Friday, May 26, 2006

Judge Orders 'Time' to Turn Over Libby Documents -- 'NYT' Spared?

Published: May 26, 2006 1:30 PM ET

WASHINGTON A federal judge on Friday ordered Time magazine to turn over documents for a White House aide to use in his defense to perjury and other charges in the CIA leak case.

The order by U.S. District Reggie B. Walton also said the New York Times might have to turn over some information but reduced the scope of documents the newspaper and other news organizations would have to provide to lawyers for the defendant, former top vice presidential aide I. Lewis "Scooter" Libby.

Citing a lack of relevancy, Walton said that Judith Miller, a former Times reporter, doesn't have to provide two notebooks, her phone records or appointment calendars to lawyers for Libby, Vice President Dick Cheney's former chief of staff.

Walton also said NBC News does not have to provide Libby's defense team with one page of undated notes taken by correspondent Andrea Mitchell because she is unlikely to testify at Libby's perjury trial, which is set for January.

In granting in part and denying in part Libby's subpoenas for the media's records, Walton ruled that reporters do not have a right to refuse to provide notes, drafts of articles or other information in a criminal case.

"The First Amendment does not protect a news reporter or that reporter's news organization from producing documents ... in a criminal case," Walton wrote in a 40-page ruling.

Walton said Time magazine must provide Libby's lawyers with drafts of first-person stories that reporter Matthew Cooper wrote about his conversations with Libby because the judge said he noticed inconsistencies between them.

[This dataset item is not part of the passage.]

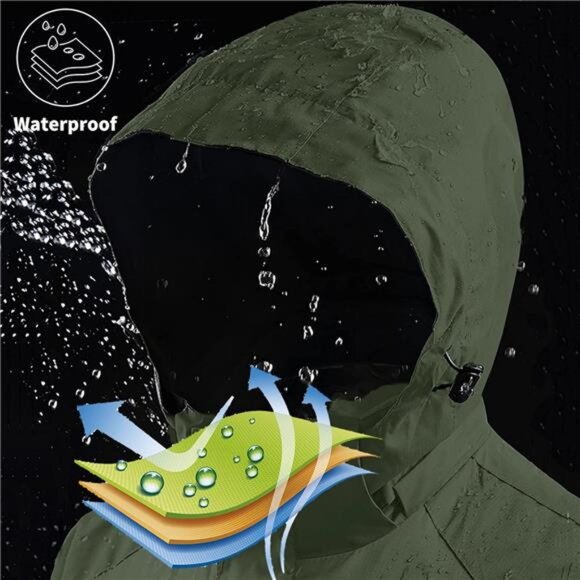 Mens Lightweight Waterproof Jacket Windproof Rain Hooded jackets for Running - Picture 5 of 6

All of the news organizations had asked Walton to review the materials sought by Libby-- including e-mails, drafts of articles and reporters' notes-- in hopes of convincing him that they were not relevant and that the defense was on a "fishing expedition."

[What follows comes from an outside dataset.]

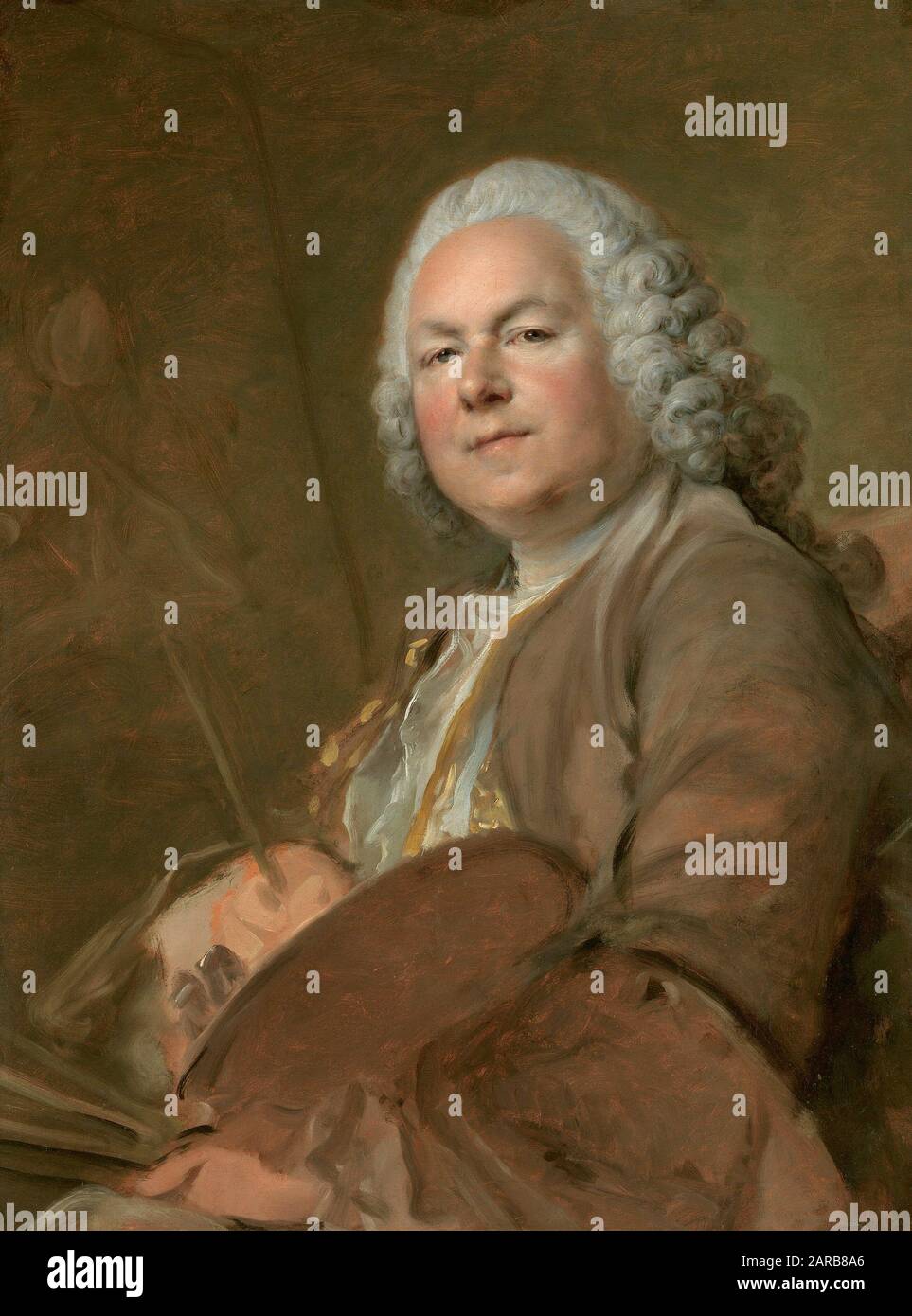 Louis Tocqué ( 1696–1772) , Ritratto di Jean Marc Nattier (1685–1766) ( olio su tela 0,77 x 0,59) Foto Stock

During that review, Walton said, he found "a slight alteration between the several drafts of the articles" Cooper wrote about his conversations with Libby and the reporter's first-person account of his testimony before a federal grand jury.

"This slight alteration between the drafts will permit the defendant to impeach Cooper, regardless of the substance of his trial testimony, because his trial testimony cannot be consistent with both versions," Walton wrote.

It is unclear from Walton's ruling what those inconsistencies are.